Courtesy of Las Vegas Aces

The training facility’s nursery lounge might be most emblematic of that purpose. The multiroom suite includes a napping room and places for kids to play or watch TV, as well as a refrigerator for storing breast milk. The room is already being used regularly. Parker has an 18-month-old son, while another Aces player, Kayla George, has a daughter less than a year old. Aces players, or other members of the organization, don’t have to pick between mothering and working, or between being with their family or their team. The training facility is a home for Parker, and her baby, too.

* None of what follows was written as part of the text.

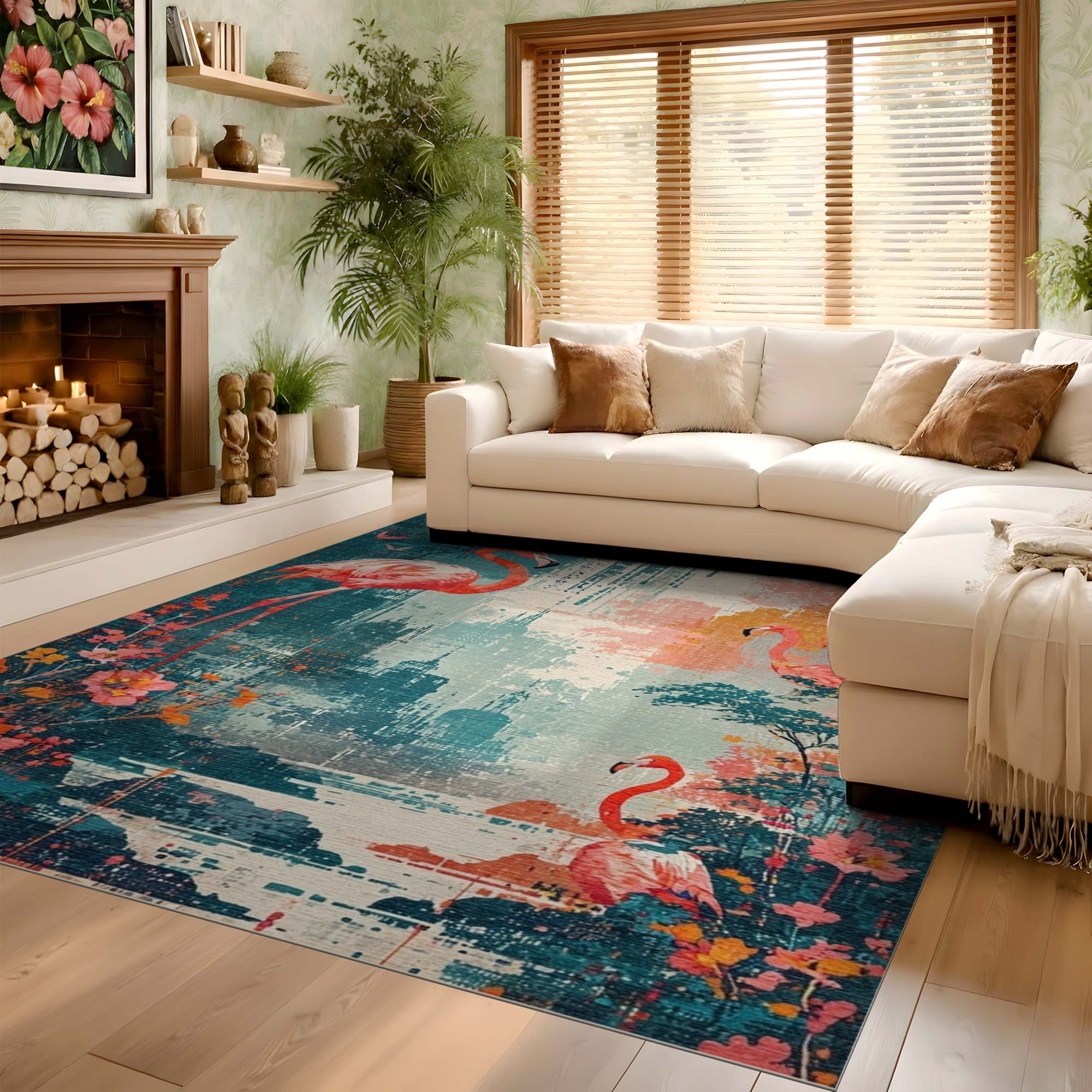 ODIKA Washable Flamingo Abstract Area Rug, Low Pile Non-Slip Artistic Carpet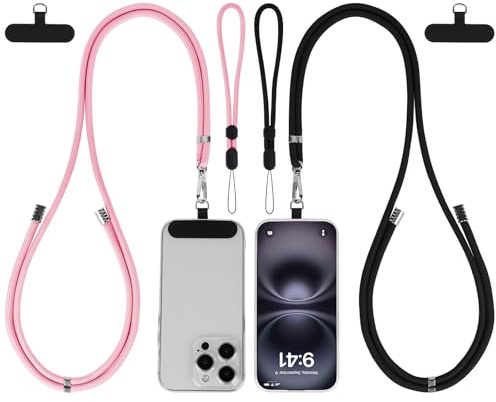 HOTUT Phone Lanyard Crossbody with Patch, 2 Pcs Adjustable Anti-Theft Phone Strap Crossbody and 2 Pcs Wrist Strap, Neck Phone Holder Compatible with Most Phones, Cases, Key Lanyard and More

The two practice courts are surrounded by bleachers and there is a public entrance that includes a team store. Training facilities historically haven’t been revenue generators, but between the team store and the ability to host public events, like basketball tournaments (there are four locker rooms besides the Aces’ exclusive one) or corporate functions, this one will be.

“The building is made for us to invite other entities without taking away, mind you, from the players’ needs,” Fargas said. “They are first and foremost.”

During their five-year existence in Las Vegas, the Aces have practiced and trained at a variety of places, including assorted high school gyms, a local basketball academy, the University of Nevada-Las Vegas and at an Ultimate Fighting Championship facility. The new venue gives the team a significant advantage against its WNBA competition, not least in recruiting talent. Head coach Becky Hammon joined last year, and Parker this past offseason, in part because of the team’s training facility plans.

It’s not just the Aces players and coaches that were itinerant. The team’s business side (consisting of 35 employees) moved around nearly as much. Another advantage of having the entire organization in the same building is the basketball and business sides bumping into each other regularly.

“In addition to spending a lot of time here, it’s really where their culture is built,” said Chung. “The alignment of their focus [and] mentality, it’s all going to happen here.”